### Your goal
Starting with the line that contains "Kalendár 2026 Cool Cats, 30 x 30 cm" and ending with the last line of the listing, print each line exactly. Pictures stay out.

### Available data
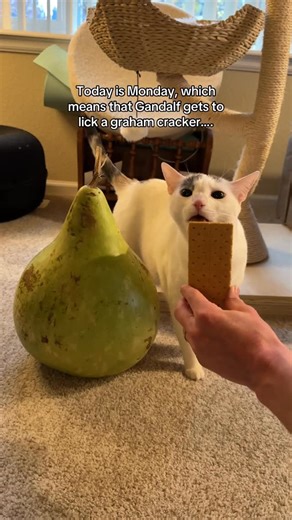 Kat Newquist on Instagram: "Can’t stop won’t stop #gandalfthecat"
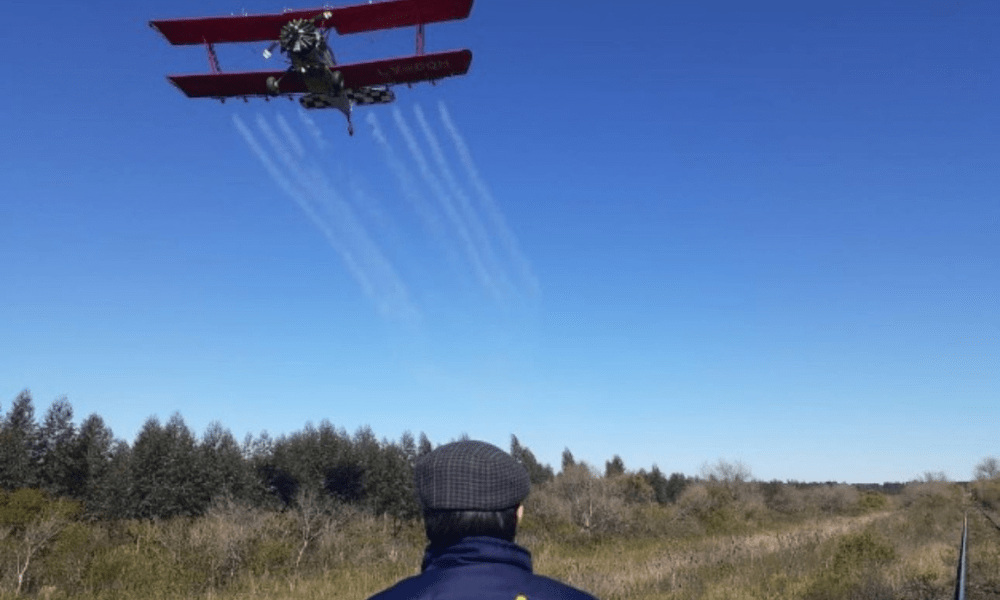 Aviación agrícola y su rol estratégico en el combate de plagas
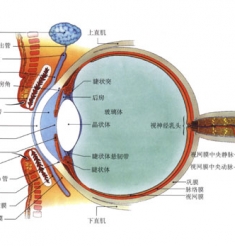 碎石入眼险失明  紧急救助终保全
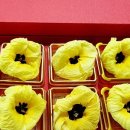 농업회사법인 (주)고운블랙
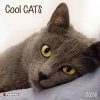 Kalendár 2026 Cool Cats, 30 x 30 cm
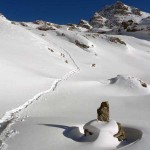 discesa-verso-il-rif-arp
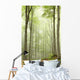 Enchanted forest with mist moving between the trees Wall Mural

### Response box
 Kalendár 2026 Cool Cats, 30 x 30 cm
 discesa-verso-il-rif-arp
 Enchanted forest with mist moving between the trees Wall Mural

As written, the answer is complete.